Mi appassiona l’irrazionalità, tipica di noi esseri umani o, per meglio dire, l’erronea sovrastima che tendiamo ad avere delle nostre capacità di ragionamento. Tra queste prediligo la nostra tendenza, di fronte a un evento, ad accontentarci delle prime spiegazioni, quelle più a portata di mano. Da qui partiamo a spron battuto a costruirci sopra i nostri castelli di considerazioni, precari come le fondamenta da cui partiamo. La buona notizia è che l’intelligenza e la cultura, di cui tutti ci ammantiamo e che invochiamo a piena voce, non c’entrano.
Rispetto a un evento, un (tipico) essere umano compie una serie di processi, complessi e articolati, che sintetizziamo come di seguito: cattura dati e informazioni, attribuisce loro un’etichetta e un valore soggettivo, li rielabora mentalmente e, per finire, produce un risultato, coerente con quello che vuole ottenere a partire dall’evento stesso. Tutto questo sarà poi a disposizione per le successive rielaborazioni dell’esperienza e sarà un ovvio spunto quando si ripresenterà un’occasione che assomiglierà a qualcosa di simile all’evento già sperimentato.

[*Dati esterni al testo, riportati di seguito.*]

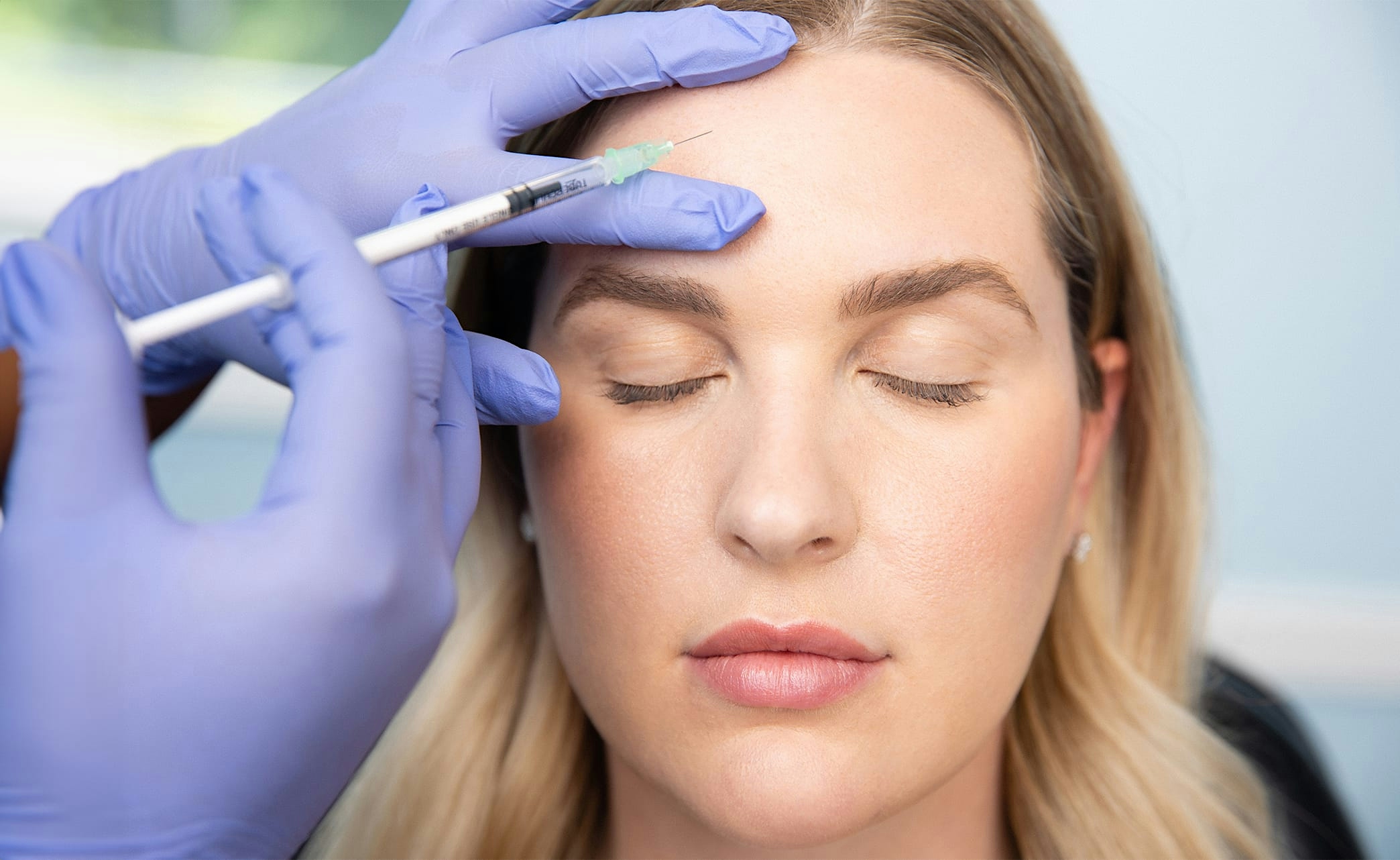 smiling patient looking in mirror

Il problema è che, senza che ce ne accorgiamo e in buona fede, spesso acquisiamo i dati di partenza in modo vago, insufficiente e superficiale, senza considerare che tutto è individuale, personale e parziale.
La rielaborazione sarà incompleta e inadeguata, e il prodotto sarà, ovviamente, molto al di sotto dell’ottimale. D’altronde tutto tende a diventare odioso quando il nostro soggettivo prodotto della mente viene elevato a livello di verità assoluta, oggettiva, e si è pronti a difenderlo a spada tratta, pur di aver (e di darsi) ragione.
Credo che si possa riassumere così:
- nessuno di noi sa gestire a sufficienza la complessità, sfaccettata e mutevole.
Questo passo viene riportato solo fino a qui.